It’s no secret that “affordable” for a college student means the cheapest thing they can find. So it’s not a surprise that, when it comes to college textbooks, students will choose buying the cheaper book on Amazon.com rather than at the campus bookstore.
This is a reasonable and rational decision when a student is already paying thousands of dollars every year to go to school. Every cent a person can save counts, so being able to save hundreds of dollars on books every year based on where you chose to buy textbooks is great.
However, my concern lies with the potentially monstrous monopoly that Amazon could create within the next few years given their history.
According to the New York Times, Amazon had been selling their new e-books at the low rate of $9.99 while still paying publishers the normal $14 for the book — essentially losing money with every book. With these low rates, they ensure that no one entering the e-book market could compete with them, creating a monopoly of sorts.
In response, Apple, as well as five major publishing companies figured out how to sell e-books for $12.99 or $14.99 in order to ensure that Amazon’s competitive predatory pricing would be stopped. However, instead of congratulating the companies for working against the monopolistic tendencies of Amazon, the United States Justice Department turned around and sued Apple and the publishing companies for price fixing.
This was the wrong decision. Instead of allowing companies to naturally stop Amazon’s predatory pricing policy — which wasn’t allowing competing e-book companies to make any money and was closing the market — the United States has decided to target the very companies that were trying to stop a monopoly.
While it is true that Amazon is saving consumers’ money in short run, what they are engaging in is not sustainable. A four-dollar discount may look great for the customer, but it was a four-dollar loss for Amazon for every book sold.
But because no one could afford to compete with them, Amazon was slowly gaining a dominant market share to the point where they could force publishers to sell at a price that would result in the publishers’ and authors’ losing money.
If anyone should have been charged with monopolistic tendencies and have an antitrust suit brought to them, it should have been Amazon.

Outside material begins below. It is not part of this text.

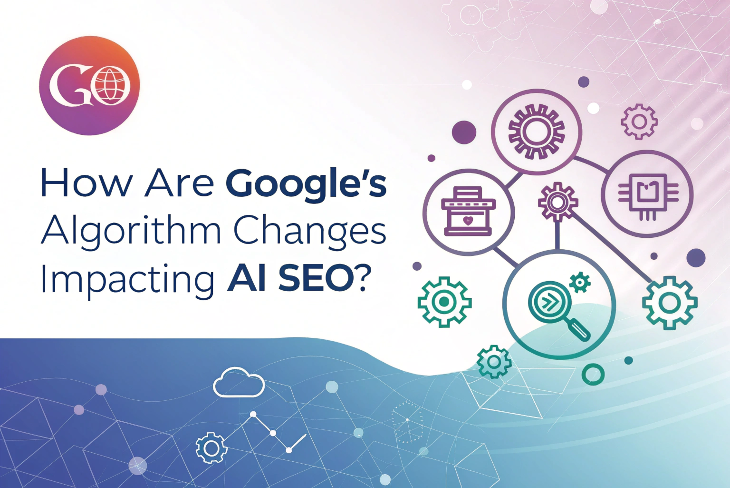Google’s Algorithm Impacting AI SEO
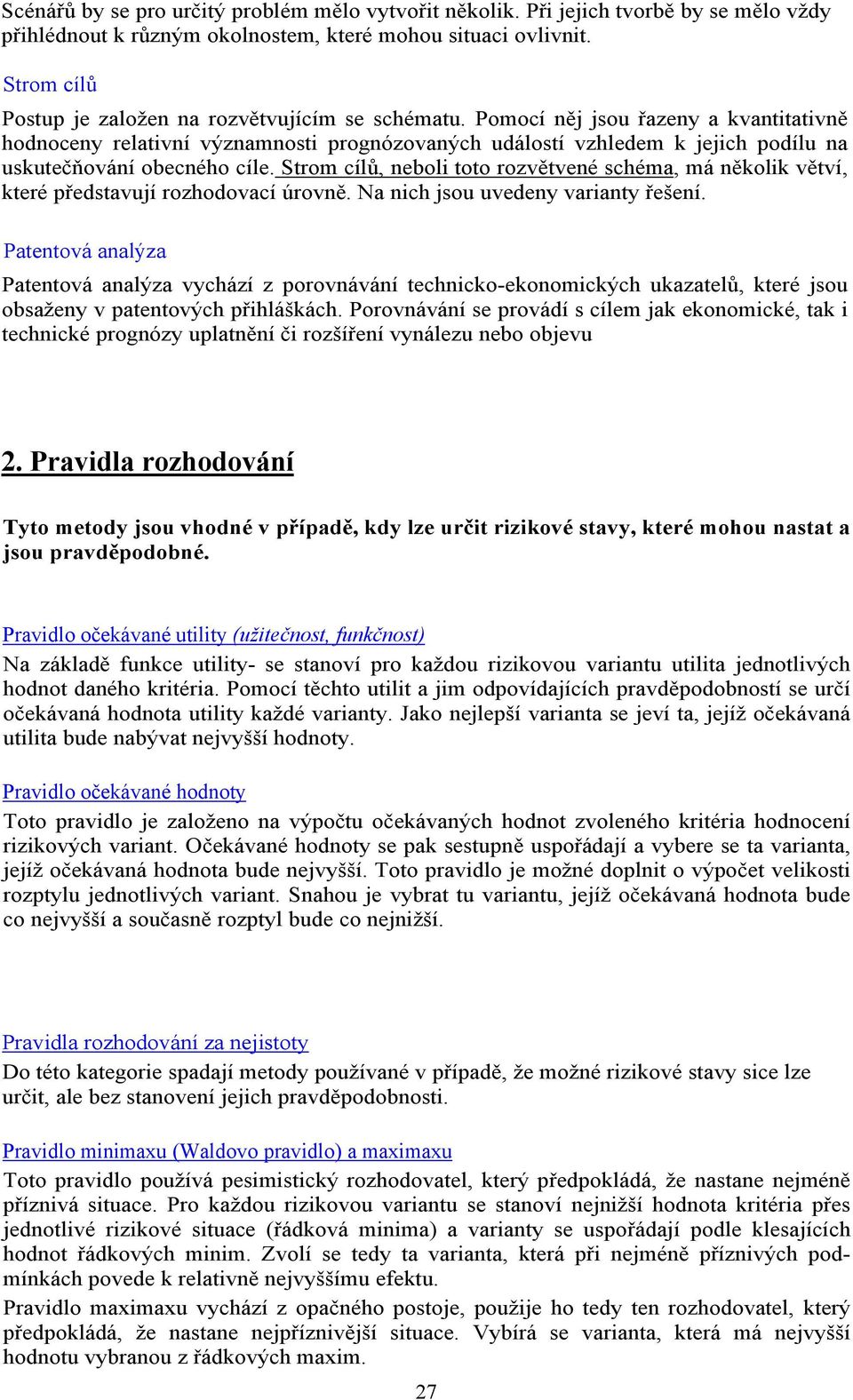 Pomocí něj jsou řazeny a kvantitativně hodnoceny relativní významnosti prognózovaných událostí vzhledem k jejich podílu na uskutečňování obecného cíle.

Why the U.S. Justice Department chose to sue Apple is a mystery to me, when Amazon was clearly engaging in predatory pricing that was eliminating the ability of competing companies.
It is for this reason that I think the solution to this problem should be to make it illegal for companies to sell products for a loss if they are a for-profit company.
In an era where small business is glorified, and competition is so important for a free market, the only reason a company would have an incentive to engage in predatory pricing would be if it wanted to make itself into a monopoly.
As Theodore Roosevelt once said, “The greatest evils in our industrial system today are those which rise from the abuses of aggregated wealth.” That’s exactly what predatory pricing is.